> _Activity_
Retype the opening lines of the data exactly, stopping after the line that contains "humphead wrasse". Skip every picture.
[Data shown — start]
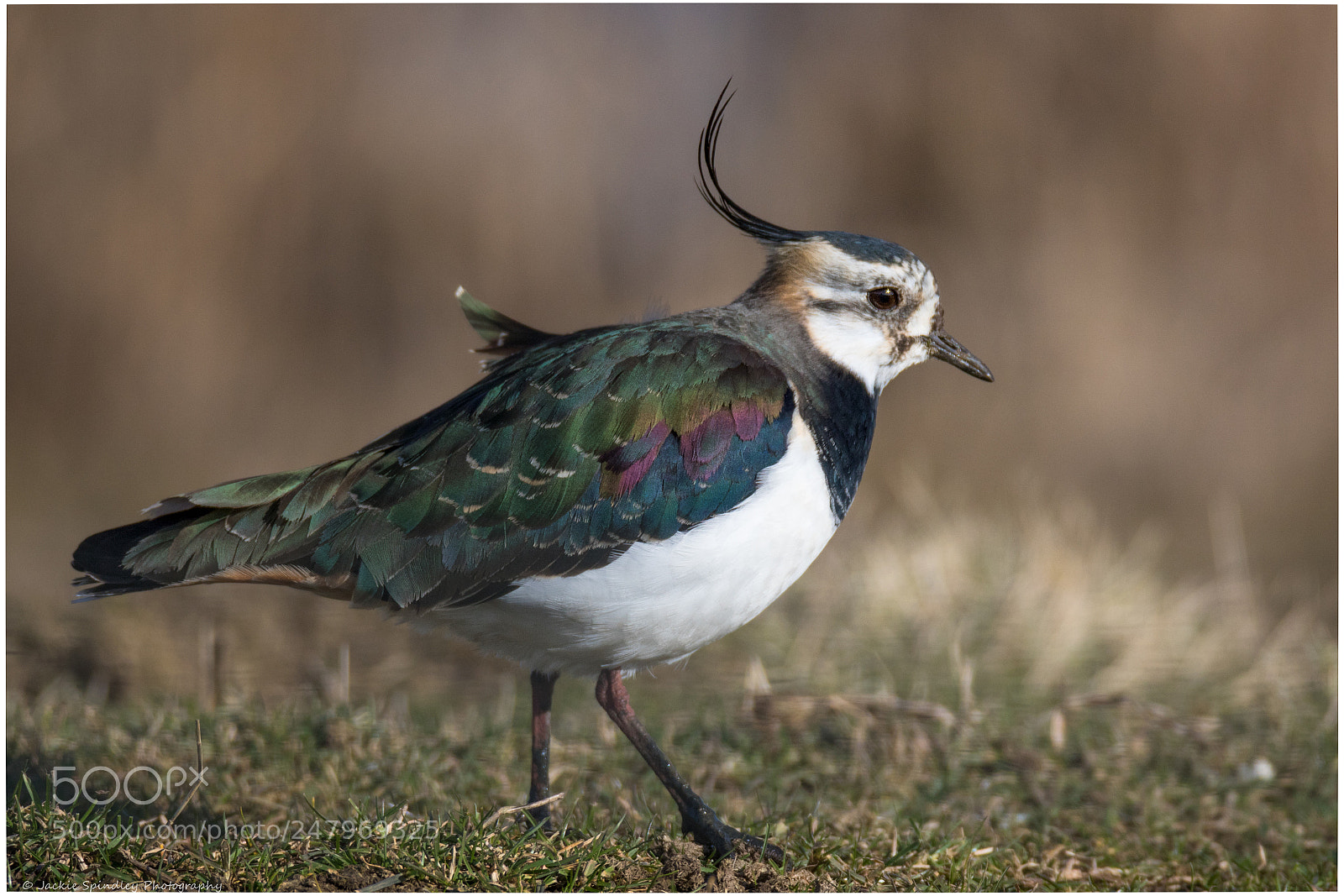 Canon EOS 7D Mark II sample photo. Lapwing photography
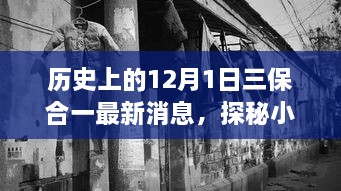 歷史上的12月1日三保合一揭秘，最新消息與小巷深處的獨特風味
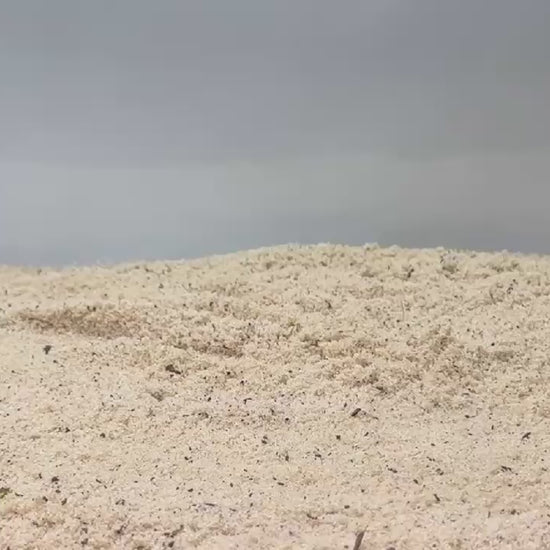 Video demonstration of hermit crab climbing bridge.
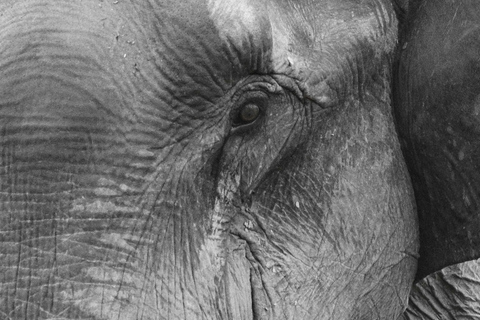 Sri Lanka: 6-Day Photography Tour with Hotel & Guide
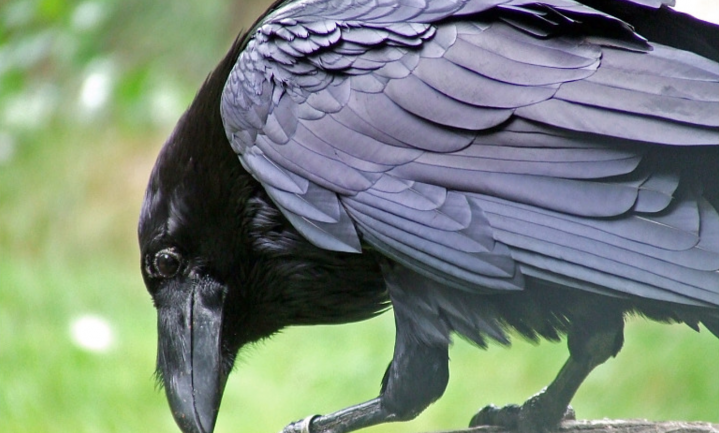 Raven vertellen elkaar in de ‘soos’ waar een wolvenprooi te vinden is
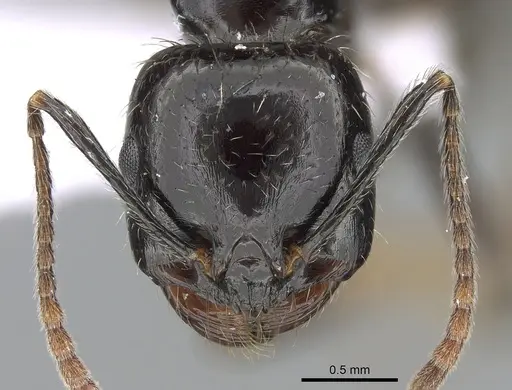 Messor barbarus - CASENT0281547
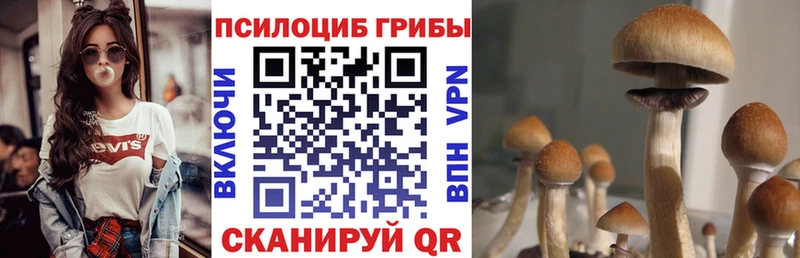Галлюциногенные грибы GOLDEN TEACHER  Купить  Берёзовка 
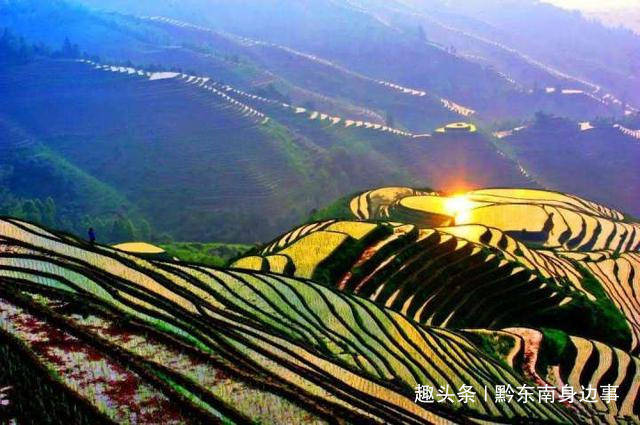探索新澳门彩，最新开奖记录表查询与下载安装指南新澳门开奖直播
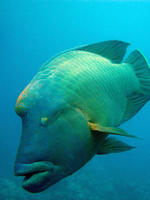 humphead wrasse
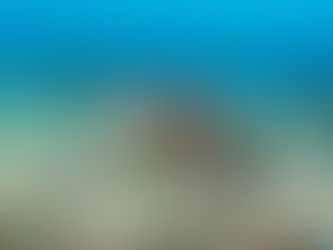 The Best Snorkeling Spots in Panglao, Bohol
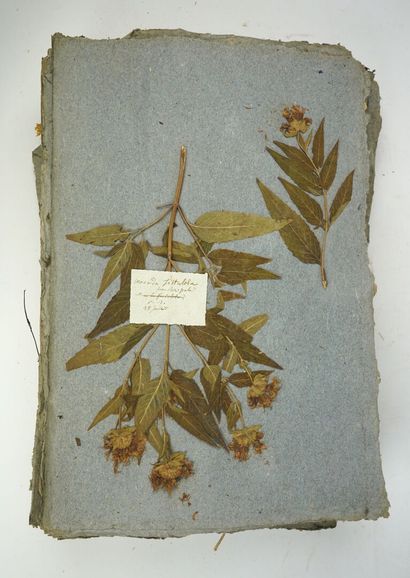 null HERBIER

Important herbier datant du début du 19ème siècle, composé de feuilles...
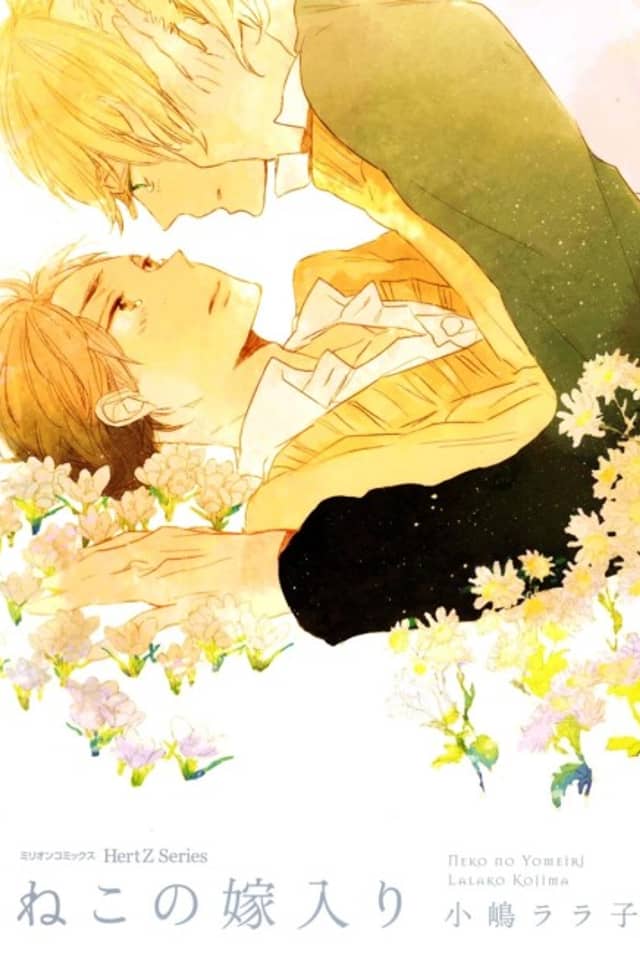 Ninth Life Love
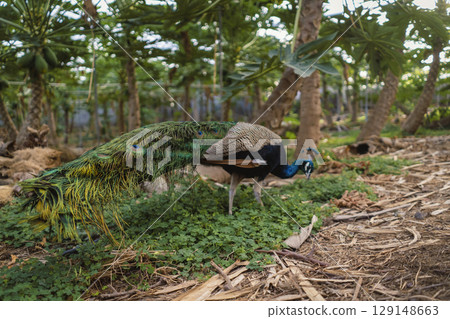 A peacock walking through a greenhouse, a tropical garden with a growing papaya trees. 129148663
[Data shown — finish]
> _Solution to this exercise_
 Canon EOS 7D Mark II sample photo. Lapwing photography
 歷史上的12月1日三保合一揭秘，最新消息與小巷深處的獨特風味
 Video demonstration of hermit crab climbing bridge.
 Sri Lanka: 6-Day Photography Tour with Hotel & Guide
 Raven vertellen elkaar in de ‘soos’ waar een wolvenprooi te vinden is
 Messor barbarus - CASENT0281547
Галлюциногенные грибы GOLDEN TEACHER  Купить  Берёзовка 
探索新澳门彩，最新开奖记录表查询与下载安装指南新澳门开奖直播
 humphead wrasse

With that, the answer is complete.